New product pricing is a credibility problem with no credibility. You have zero claims. You have a related portfolio with claims, but it is a different product with different risk dynamics. The question — how do you borrow enough from the source to build a working model without importing systematic errors — is one of the oldest problems in actuarial science. Credibility theory has answered it for sparse cells within a product hierarchy for over a century. Transfer learning offers a different answer for the harder case: borrowing across product lines.

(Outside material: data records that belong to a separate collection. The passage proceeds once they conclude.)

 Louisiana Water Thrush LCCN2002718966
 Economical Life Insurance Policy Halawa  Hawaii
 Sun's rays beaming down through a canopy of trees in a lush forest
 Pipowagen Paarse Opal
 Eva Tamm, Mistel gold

Loke and Bauer’s paper “Transfer Learning in the Actuarial Domain: Foundations and Applications” (NAAJ, ahead-of-print, April 2025, DOI: 10.1080/10920277.2025.2489637) addresses this territory directly. The paper is paywalled with no preprint available, which limits what we can say about the specific methods and results. We can confirm the topic — auto insurance transfer learning — but cannot confirm whether the specific approaches covered include DANN or MMD as training objectives. What we can do is set out the technical landscape clearly, explain why the most popular deep learning domain adaptation method is wrong for insurance tabular data, and describe what the insurance-thin-data library actually implements.

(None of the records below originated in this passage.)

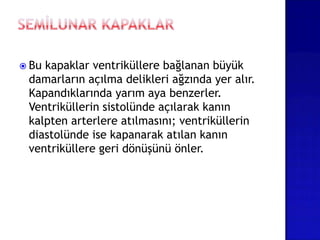 Bu kapaklar ventriküllere bağlanan büyük
damarların açılma delikleri ağzında yer alır.
Kapandıklarında yarım aya benzerler.
Ventriküllerin sistolünde açılarak kanın
kalpten arterlere atılmasını; ventriküllerin
diastolünde ise kapanarak atılan kanın
ventriküllere geri dönüşünü önler.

The two problems that look the same but are not

There is a persistent confusion in the transfer learning literature between two distinct problems. Getting them mixed up leads you toward the wrong methods.

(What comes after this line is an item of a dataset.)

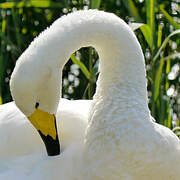 Whooper Swan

Covariate shift is where the feature distribution changes between source and target — $P_S(X) \neq P_T(X)$ — but the labelling function is the same: $P_S(Y \mid X) = P_T(Y \mid X)$. If you are transplanting a model trained on all-ages motor to price young drivers, you might expect covariate shift: young drivers appear in a different region of the feature space (more urban, more small cars, less NCD) but the relationship between features and claims is fundamentally the same physics.

Domain shift (or concept drift) is where the labelling function itself changes: $P_S(Y \mid X) \neq P_T(Y \mid X)$. If you are borrowing a personal motor model to price motorcycles, the labelling function changes. The severity distribution, the frequency-speed relationship, the weather effects — all structurally different. The features overlap partially; the risk dynamics do not.

DANN (Domain-Adversarial Neural Networks, Ganin et al., JMLR 2016) is designed for the covariate shift setting and assumes the labelling function is shared. The entire architecture is built around one objective: force the feature extractor to learn representations that are domain-invariant, so the label predictor trained on source generalises to target. When covariate shift is the problem, domain invariance is the solution.

For insurance pricing, this is nearly always the wrong objective.


Why DANN fails for insurance tabular data

DANN trains via gradient reversal. The architecture has three components: a feature extractor, a label predictor, and a domain classifier. During backpropagation, the gradient from the domain classifier is reversed before reaching the feature extractor — this is the gradient reversal layer (GRL). The effect: the feature extractor is simultaneously trained to predict labels well on source data, and to produce representations that the domain classifier cannot distinguish as source vs target.

The result is domain-invariant features. Features where the source distribution and target distribution look the same.

For images of cats and dogs from different camera sensors, this is useful — the camera artefacts are noise, not signal. For insurance tabular data, the domain differences are frequently the entire point. Young drivers have higher frequency not because of noise in the feature representation, but because they are genuinely higher-risk. A domain-invariant representation that renders young and all-ages drivers indistinguishable to a classifier has destroyed precisely the information you need to price correctly.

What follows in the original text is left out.